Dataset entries
———

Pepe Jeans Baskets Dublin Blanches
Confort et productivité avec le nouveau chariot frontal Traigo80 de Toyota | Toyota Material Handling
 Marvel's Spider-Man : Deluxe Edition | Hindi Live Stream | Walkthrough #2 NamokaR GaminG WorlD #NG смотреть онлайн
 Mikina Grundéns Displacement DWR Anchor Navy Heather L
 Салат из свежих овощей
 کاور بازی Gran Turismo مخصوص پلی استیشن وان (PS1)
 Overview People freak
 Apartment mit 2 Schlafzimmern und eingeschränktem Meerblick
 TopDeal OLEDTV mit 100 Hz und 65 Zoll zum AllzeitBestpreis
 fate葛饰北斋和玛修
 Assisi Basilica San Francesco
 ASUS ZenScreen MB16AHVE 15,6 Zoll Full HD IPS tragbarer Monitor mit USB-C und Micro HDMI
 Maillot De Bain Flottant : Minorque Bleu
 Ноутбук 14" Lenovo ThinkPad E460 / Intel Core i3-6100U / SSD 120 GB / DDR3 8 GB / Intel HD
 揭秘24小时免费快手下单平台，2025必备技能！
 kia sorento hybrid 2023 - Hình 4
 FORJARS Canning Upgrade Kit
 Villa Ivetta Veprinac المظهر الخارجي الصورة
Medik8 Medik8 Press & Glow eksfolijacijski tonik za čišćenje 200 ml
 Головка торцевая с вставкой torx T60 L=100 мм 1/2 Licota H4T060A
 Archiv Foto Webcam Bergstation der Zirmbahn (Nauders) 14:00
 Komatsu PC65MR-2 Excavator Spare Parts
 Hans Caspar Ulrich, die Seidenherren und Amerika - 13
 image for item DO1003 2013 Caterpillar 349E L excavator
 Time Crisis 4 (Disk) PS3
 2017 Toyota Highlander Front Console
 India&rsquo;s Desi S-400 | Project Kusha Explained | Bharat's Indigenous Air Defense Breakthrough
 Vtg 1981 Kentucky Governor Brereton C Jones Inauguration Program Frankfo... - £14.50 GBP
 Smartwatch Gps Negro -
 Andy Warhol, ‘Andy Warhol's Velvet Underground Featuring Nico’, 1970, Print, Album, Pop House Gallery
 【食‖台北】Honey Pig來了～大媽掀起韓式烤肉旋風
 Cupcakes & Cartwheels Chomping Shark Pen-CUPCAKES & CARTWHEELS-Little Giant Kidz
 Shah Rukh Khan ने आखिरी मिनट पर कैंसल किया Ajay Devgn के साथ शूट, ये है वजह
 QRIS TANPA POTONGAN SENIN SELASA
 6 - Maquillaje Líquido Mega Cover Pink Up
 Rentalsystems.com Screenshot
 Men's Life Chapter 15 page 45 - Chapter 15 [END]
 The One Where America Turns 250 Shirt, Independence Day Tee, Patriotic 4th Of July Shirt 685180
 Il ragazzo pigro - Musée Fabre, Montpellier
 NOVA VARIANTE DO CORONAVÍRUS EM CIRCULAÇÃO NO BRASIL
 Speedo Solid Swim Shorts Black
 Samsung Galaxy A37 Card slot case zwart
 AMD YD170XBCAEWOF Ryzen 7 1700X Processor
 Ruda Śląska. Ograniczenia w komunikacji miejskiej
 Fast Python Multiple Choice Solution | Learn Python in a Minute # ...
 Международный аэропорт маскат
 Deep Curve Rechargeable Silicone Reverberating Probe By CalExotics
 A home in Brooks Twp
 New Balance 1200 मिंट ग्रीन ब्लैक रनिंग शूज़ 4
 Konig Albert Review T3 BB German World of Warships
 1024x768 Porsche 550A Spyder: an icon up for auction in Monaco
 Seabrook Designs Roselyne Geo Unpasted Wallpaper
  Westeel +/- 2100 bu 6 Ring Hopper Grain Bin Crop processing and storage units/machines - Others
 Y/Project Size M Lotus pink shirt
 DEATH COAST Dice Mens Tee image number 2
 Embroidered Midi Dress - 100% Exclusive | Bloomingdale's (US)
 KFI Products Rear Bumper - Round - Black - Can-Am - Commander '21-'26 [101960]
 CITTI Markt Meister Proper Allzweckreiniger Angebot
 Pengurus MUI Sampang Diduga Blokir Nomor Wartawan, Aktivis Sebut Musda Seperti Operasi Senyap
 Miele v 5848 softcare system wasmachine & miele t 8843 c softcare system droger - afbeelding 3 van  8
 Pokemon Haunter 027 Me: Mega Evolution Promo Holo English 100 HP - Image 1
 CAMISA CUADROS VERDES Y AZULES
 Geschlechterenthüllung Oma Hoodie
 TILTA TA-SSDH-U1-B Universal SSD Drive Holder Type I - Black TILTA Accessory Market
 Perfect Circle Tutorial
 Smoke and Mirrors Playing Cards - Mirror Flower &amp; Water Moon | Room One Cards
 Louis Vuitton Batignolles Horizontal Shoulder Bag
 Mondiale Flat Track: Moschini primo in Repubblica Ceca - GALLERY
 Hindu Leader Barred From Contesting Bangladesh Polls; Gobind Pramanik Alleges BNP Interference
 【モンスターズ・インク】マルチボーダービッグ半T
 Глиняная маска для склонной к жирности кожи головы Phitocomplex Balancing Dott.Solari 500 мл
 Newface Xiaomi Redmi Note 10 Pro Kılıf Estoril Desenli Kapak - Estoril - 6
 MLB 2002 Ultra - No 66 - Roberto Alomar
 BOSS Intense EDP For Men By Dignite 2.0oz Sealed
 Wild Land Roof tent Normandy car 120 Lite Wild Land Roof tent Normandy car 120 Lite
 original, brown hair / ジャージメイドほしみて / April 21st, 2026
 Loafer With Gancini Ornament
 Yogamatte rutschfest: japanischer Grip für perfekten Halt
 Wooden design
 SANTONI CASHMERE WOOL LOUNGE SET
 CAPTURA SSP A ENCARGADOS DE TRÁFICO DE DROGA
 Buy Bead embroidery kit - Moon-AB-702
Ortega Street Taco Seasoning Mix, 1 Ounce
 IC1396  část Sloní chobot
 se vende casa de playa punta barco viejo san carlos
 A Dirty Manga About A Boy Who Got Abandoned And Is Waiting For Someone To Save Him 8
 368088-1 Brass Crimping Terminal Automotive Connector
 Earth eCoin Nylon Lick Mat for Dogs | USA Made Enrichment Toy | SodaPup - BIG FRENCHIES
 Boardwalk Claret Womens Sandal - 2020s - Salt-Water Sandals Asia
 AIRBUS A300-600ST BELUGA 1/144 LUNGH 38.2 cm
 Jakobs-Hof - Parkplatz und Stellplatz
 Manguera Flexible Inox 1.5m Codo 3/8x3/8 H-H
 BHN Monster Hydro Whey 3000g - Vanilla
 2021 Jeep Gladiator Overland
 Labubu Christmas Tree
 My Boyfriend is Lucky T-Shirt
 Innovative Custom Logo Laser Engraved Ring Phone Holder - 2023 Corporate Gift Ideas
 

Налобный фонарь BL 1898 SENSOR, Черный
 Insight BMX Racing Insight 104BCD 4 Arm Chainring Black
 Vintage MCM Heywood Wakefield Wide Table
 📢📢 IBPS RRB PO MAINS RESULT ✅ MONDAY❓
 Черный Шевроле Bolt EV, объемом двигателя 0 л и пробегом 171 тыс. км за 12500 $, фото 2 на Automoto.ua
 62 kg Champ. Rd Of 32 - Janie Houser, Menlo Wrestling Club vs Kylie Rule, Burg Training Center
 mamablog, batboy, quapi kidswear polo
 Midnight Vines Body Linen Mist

———

What to work on: In the entries above, identify every line with the word "Black". Copy those lines.

Solution for this exercise:
 Speedo Solid Swim Shorts Black
 KFI Products Rear Bumper - Round - Black - Can-Am - Commander '21-'26 [101960]
 TILTA TA-SSDH-U1-B Universal SSD Drive Holder Type I - Black TILTA Accessory Market
 Insight BMX Racing Insight 104BCD 4 Arm Chainring Black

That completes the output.